Lorsqu’un endroit est souvent le théâtre de négociations flamboyantes, la prévention devient un précieux allié. «Il ne faut pas s’empêcher d’aller faire l’épicerie avec son enfant parce qu’il a comportement inadéquat, indique l’éducatrice spécialisée. Sinon, il n’apprendra pas. Mieux vaut le prévenir, avant d’arriver, qu’il n’aura pas de friandise, mais qu’il pourra choisir les fruits et les céréales.» Lucie Ménard rappelle que ces choix lui enseigneront à défendre son point de vue. Une fois confronté à ses pairs, cela lui servira.

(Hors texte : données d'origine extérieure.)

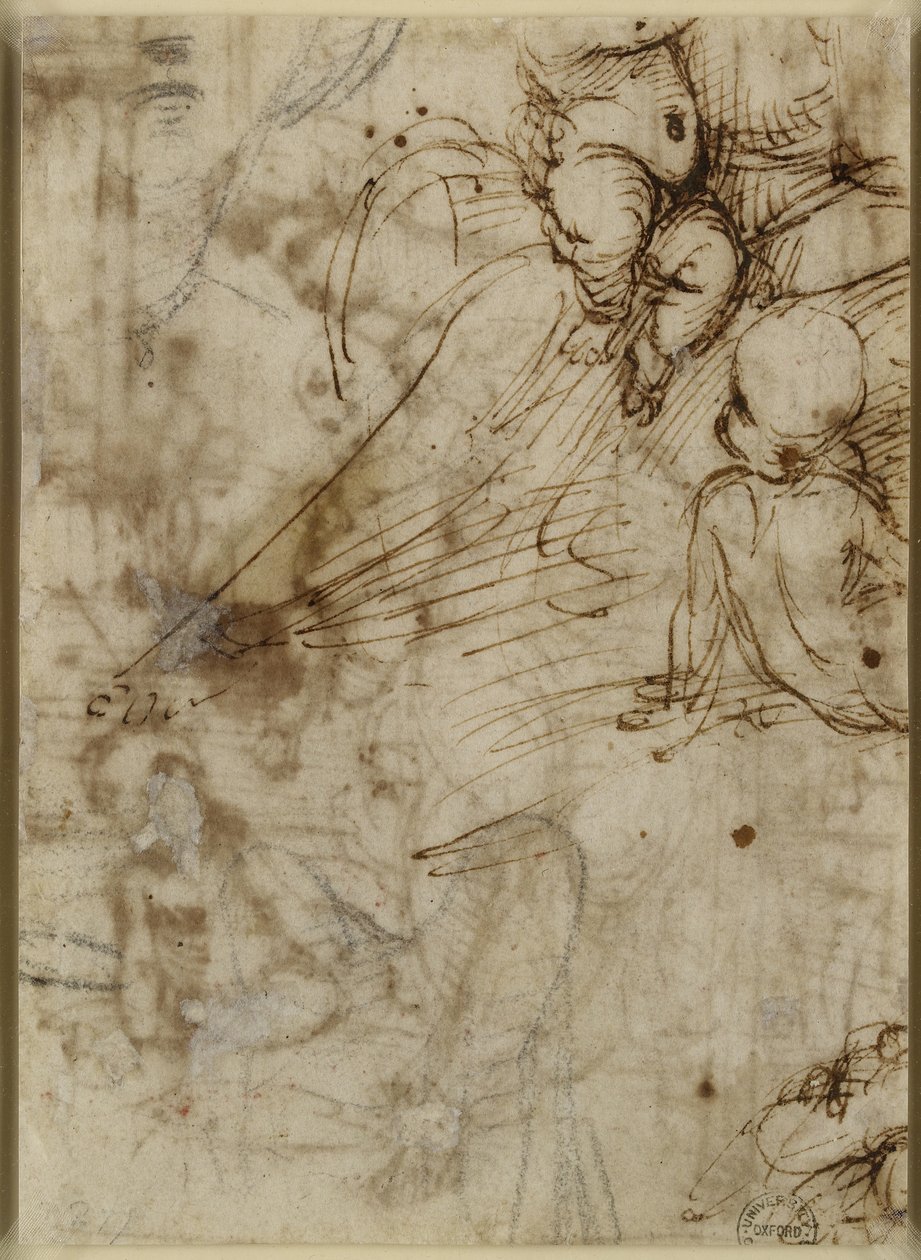 Verso: The Virgin, WA1846.162 av Raffaello Sanzio Raphael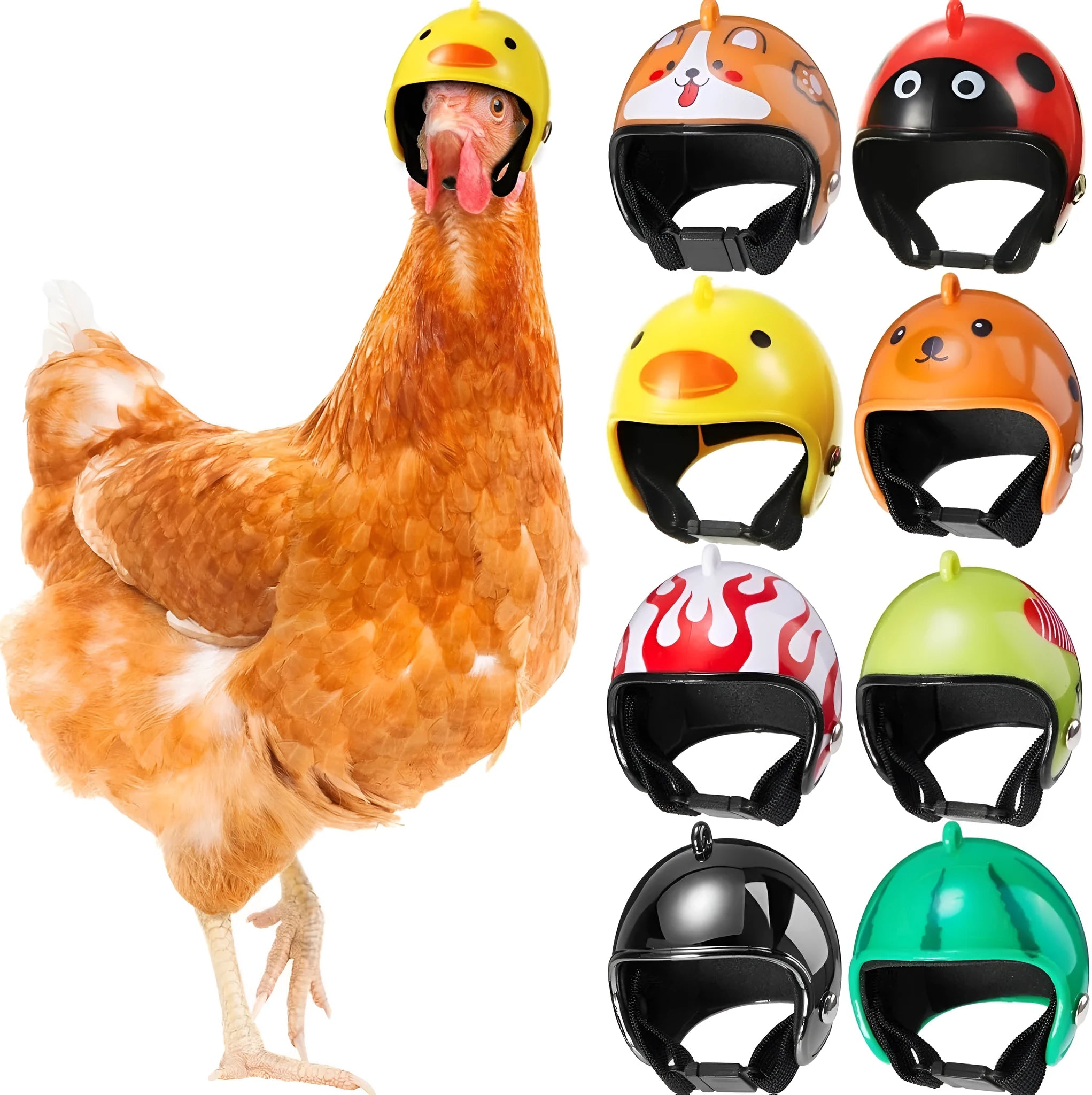 Small pet helmet for chicken and bird protection with adjustable elastic bands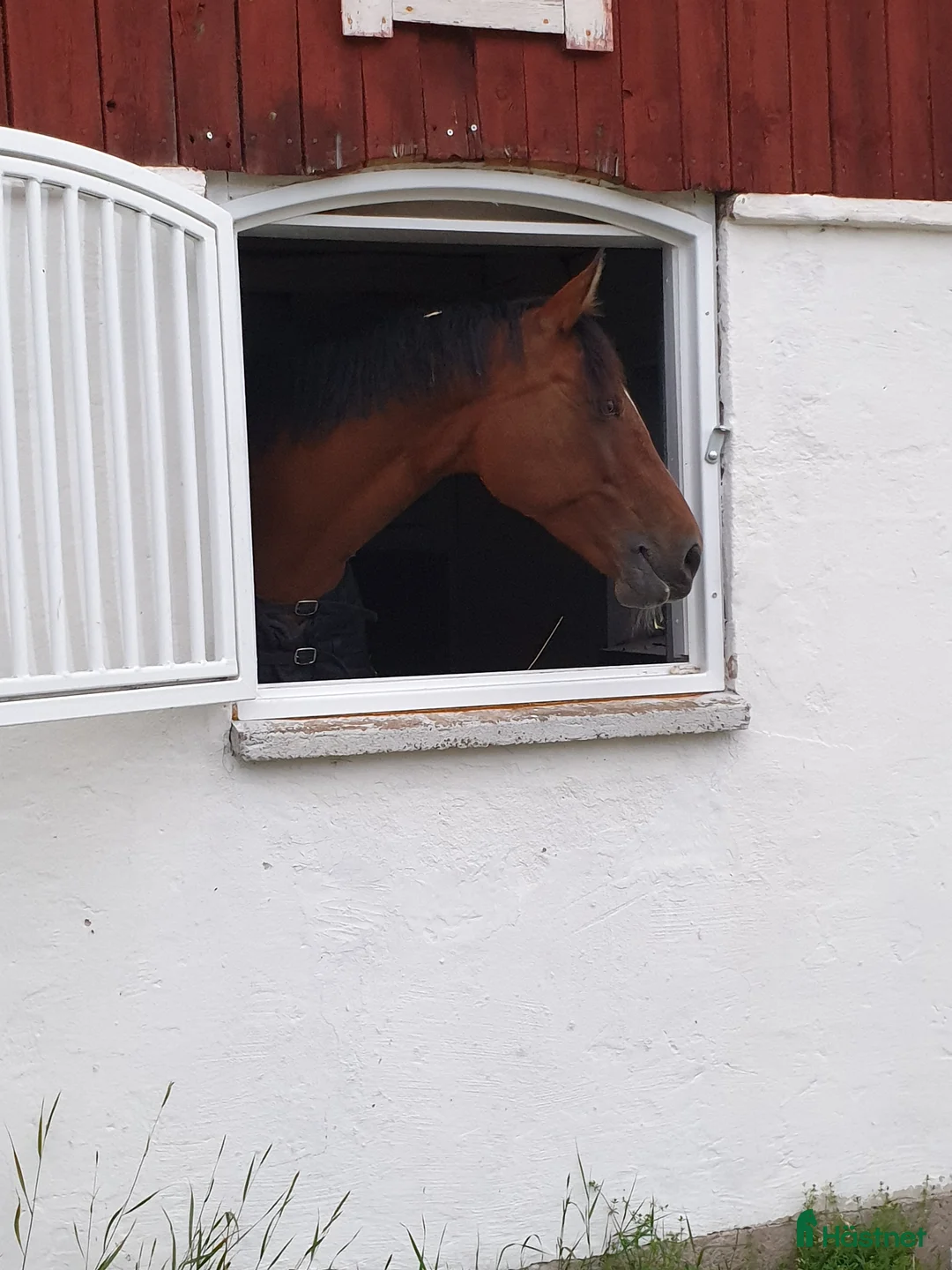  stallplats finnes: Stallplats  - Annons 3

Elle invite aussi les parents à mettre leur orgueil de côté pour reconnaître que leurs rejetons ont parfois raison. Un jour, son jeune garçon voulait faire de la pâte à modeler alors qu’elle préparait le repas, et elle s’est tout de suite opposée à sa demande. À la question «Mais pourquoi “non”, maman?», cette dernière a dû reconnaître qu’elle n’avait simplement pas envie de ramasser les miettes. Le garçon a finalement pu sortir sa pâte à modeler. «On a des réponses spontanées comme ça, peut-être correctes, mais de temps à autre, on peut s’ouvrir, laisser place à autre chose», fait-elle valoir. Par contre, cela ne veut pas dire de consentir à tout. Un parent qui a soif de tranquillité peut simplement proposer une activité mieux adaptée à son humeur, mais tout aussi agréable pour l’enfant.

À l’écoute des demandes

L’important, selon Daniel Paquette, est de prendre le temps d’écouter les demandes des petits négociateurs. Il faut parfois y voir un signal que le moment est venu d’«élargir» les permissions. «L’enfant vieillit et donc notre cadre doit changer pour lui laisser un peu plus d’autonomie. Qu’est-ce qui est normal pour un enfant de cinq ans et qu’est-ce qui l’est pour un enfant de huit ans ? »

Par la négociation, un jeune s’exprime et même s’il essuie d’abord un refus catégorique, parce que sa demande est hors règles, une graine a été semée. L’idée fait son chemin et la réponse de ses parents pourrait bien être différente la prochaine fois. Après tout, il a la vie devant lui pour négocier.